Capacity growth


Market growth rates used in these scenarios are based on a mixture of historical figures, current policies and trends, new market development, discussions of future energy policy and other factors. While cumulative annual growth rates of more than 25% per year, as envisaged in the 'Advanced' scenario, are unusually high in most industries that manufacture heavy equipment, the wind industry has consistently experienced much higher growth. In fact, the global wind markets have grown by an average 28% per year in terms of total installed capacity during the last decade.

In the GWEO Advanced scenario, the average annual growth for cumulative installed capacity is assumed to start off at 27% in 2010, and then gradually decline to 9% by 2020. by 2030, they will have dropped to 4%. Growth rates as anticipated by the IEA in the Reference scenario start at 17% in 2010, drop to 3% by 2015, stabilising at that level. the growth rates for the Moderate scenario range from 26% in 2010 to 9% in 2020 and to 5% in 2030.

It should also be borne in mind that while growth rates eventually decline to single figures across the range of scenarios, the level of wind power capacity envisaged in 20-40 years' time means that even small percentage growth rates will by then translate into large figures in terms of annually installed megawatts, especially in the advanced and Moderate scenarios.

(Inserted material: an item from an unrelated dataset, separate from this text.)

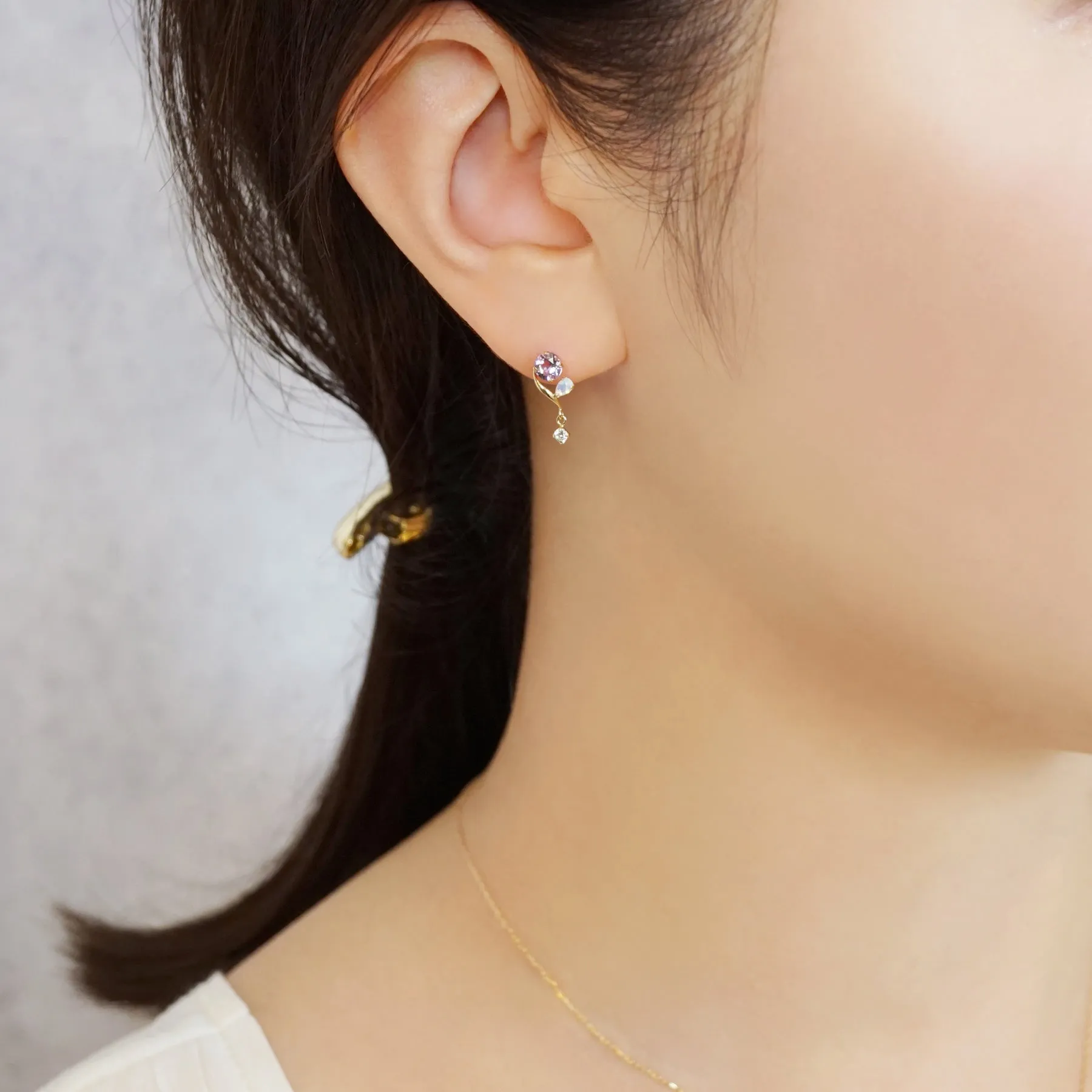 18K/10K Amethyst Twisted Line Swinging Earrings (Yellow Gold)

The IEA's Reference scenario suggests – contrary to the clear upwards trend we have witnessed in the past – that growth rates for wind power would decrease substantially in the coming years, and that 2010 would see an addition of only 26.8 GW, which would represent a decrease of the annual market by 30% in 2010 (compared to an increase of 41% in 2009). the annual market would then continue to shrink until 2015 and only recover to reach its 2009 levels again just before 2030. the cumulative wind power capacity according to this projection would stand at 415 GW in 2020 and 572 GW in 2030. For this to happen, annual additions would need to decline substantially, especially in China, although there is no indication of this happening at present. Overall, the Reference scenario seems disconnected from current developments, and curiously pessimistic.

Dhule wind farm, India

© Suzlon

While the Reference scenario suggests that between 20 and 26 GW of new capacity will be added each year between 2010 and 2020, reaching 41 GW/year only in 2030, the Moderate scenario envisages the addition of 40.2 GW two decades earlier (in 2010), followed by 63 GW/year by 2015, close to 90 GW/year by 2020, and almost 150 GW/year by 2030. This translates into 100 GW more installations per year than the Reference scenario by 2030, even though the annual market growth rate would by then have dropped off to a modest 4% per year. In terms of total installed wind power capacity, 830 GW would be reached in 2020 (twice as much as under the reference scenario), and close to 1,800 GW by 2030 (more than three times as much).

In the Advanced scenario, the difference would be even more striking. Annual market growth rates here start at 27% for 2010, and then decrease to 17% by 2015, 9% by 2020 and finally 5% by 2030 – compared to an average cumulative market growth of 28% per year over the past decade. These growth rates would translate into annual markets of 120 GW by 2020, increasing and stabilising at around 185 GW by 2030. These projections would result in a total installed capacity of just over 1,000 GW by 2020 and 2,300 GW by 2030.